A ideia para esta crônica – que, espero, tenha durabilidade -  surgiu justamente numa conversa no calçadão de Ipanema com o consagrado cronista Nilson Souza, eventual companheiro de caminhadas, quando ele expressou enorme preocupação com sua crônica semanal  para a ZH. O texto já estava pronto, mas só seria publicado dois dias depois, uma eternidade de tempo para um cronista sensível e atento às ofertas de assuntos que clamam por uma crônica.  Perfeccionista como poucos, ele se consome em angustia até o dia da publicação, sem se dar conta de que no final das contas o texto é  irretocável e causador de santa inveja dos escribas menos apetrechados  de talento, entre os quais me incluo.

Essa angustia está presente também, certamente em grau superior, nas editorias do jornalismo impresso que precisam adiantar material. Vale conferir o relato do editor-chefe  de ZH, Carlos  Etchichury, em  Carta do Editor, dando conta  do desafio que representa escolher a manchete e a foto de capa  da edição do fim de semana, diante da grande oferta de noticias e reportagens de  fôlego. E exemplificou com os preparativos  para a edição de 9 e 10 de fevereiro, que começaram, como sempre,  no meio da semana para serem finalizados na sexta-feira. Estava  tudo bem encaminhado quando ocorreu a  tragédia no Ninho do Urubu, que vitimou 10 jovens promessas do Flamengo e obrigou a mudança rápida de planos para redesenhar a edição.  Etchichuty conclui que é preciso  muita ação para derrubar tudo o que estava planejado, se as noticias que não tem  hora para acontecer, se impuserem. É bem isso e  por certo vai acontecer  mais vezes neste 2019 de muitas tragédias.

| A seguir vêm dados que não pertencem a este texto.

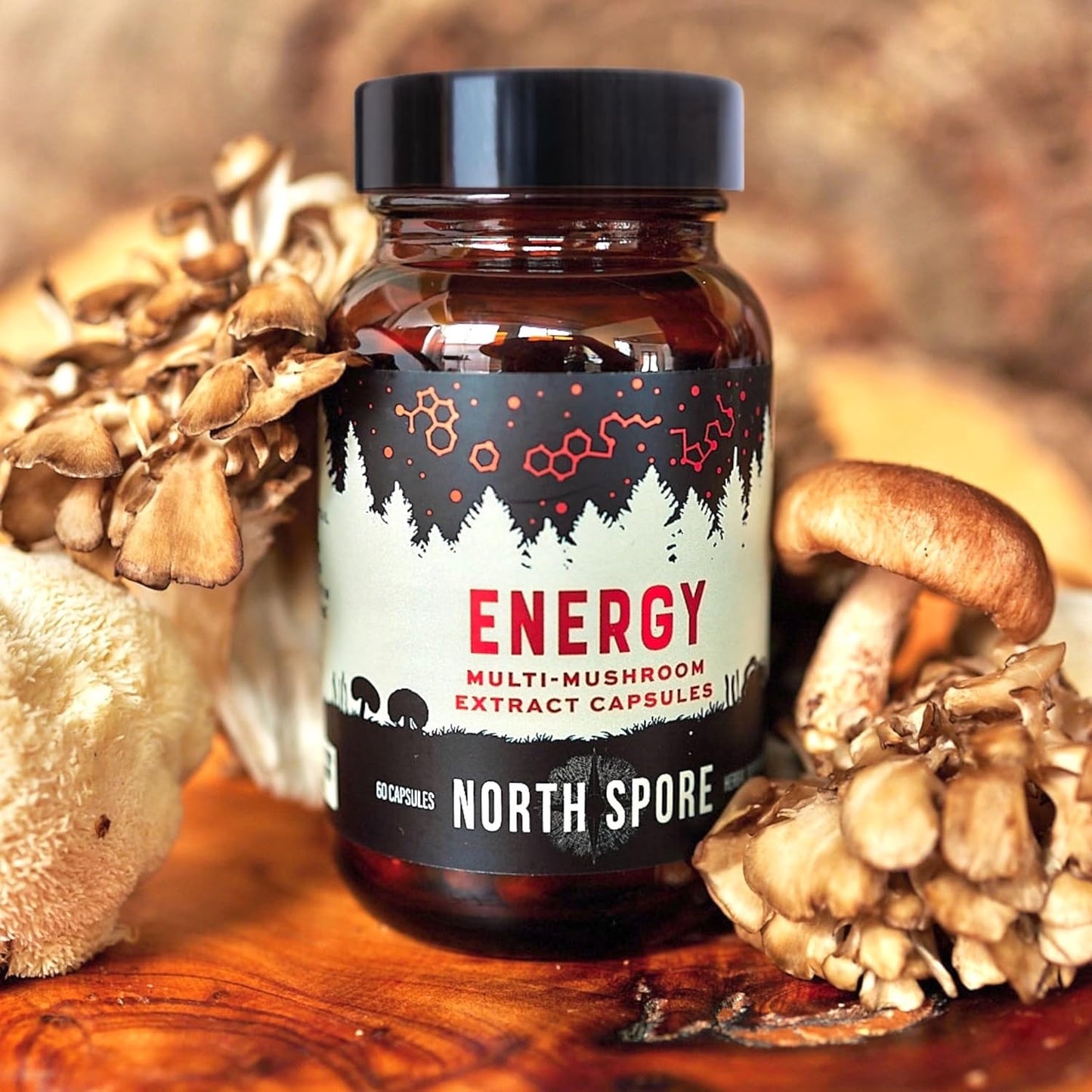 High Potency Organic Mushroom Blend for Stamina & Endurance | Cordyceps, Reishi, Turkey Tail | 60 Day Supply | 100% Fruiting Body Extracts | Vegan, Non-GMO | Made in USA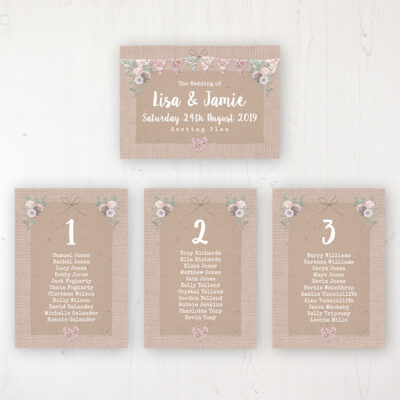 Rustic Barn Wedding Table Plan Cards Personalised with Table Names and Guest Names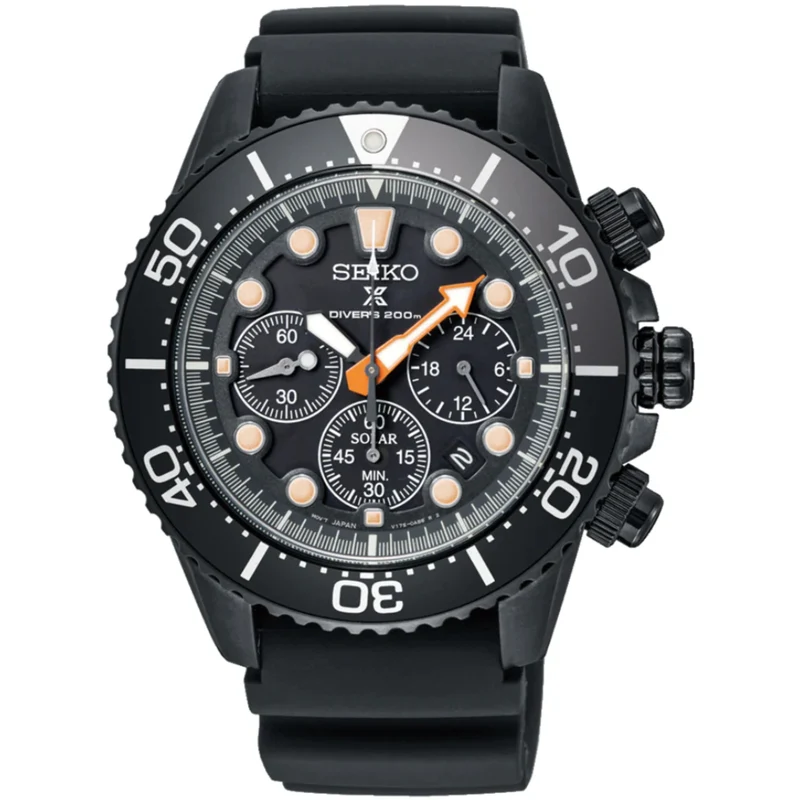 Seiko Prospex Solar Black Series Limited Edition Black Dial Men's Diver's Chronograph SSC673P1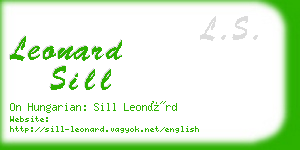 leonard sill business card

Claro  que a atualização do noticiário se impõe  mais do que a eventual  revisão de uma crônica de temas ligeiros. Entretanto, de quem  escreve compromissado com espaço fixo de opinião, como aqui no Coletiva.net ou  na mídia tradicional, exige-se disciplina e método, além da atenção permanente do que ocorre fora da bolha em que vivemos, o que já se configura como exercícios de disciplina e método. No meu caso, a crônica normalmente está pronta na sexta-feira mas, como bom capricorniano, fico lapidando até  domingo pela manhã, quando faço a última revisão  e  envio para  a Márcia e a Gabriela, ainda  sestroso com o que possa acontecer até a  publicação, quase como um Nilson Souza. Quando me aperto, revisito velhos  temas e, sem constrangimento, lanço mão de crônicas ou abordagens já publicadas no blog  viadutras.blogspot.com. Não tem erro, porque a outra opção seria escrever abobrinhas.  O que não dá  é para ficar esperando a inspiração chegar.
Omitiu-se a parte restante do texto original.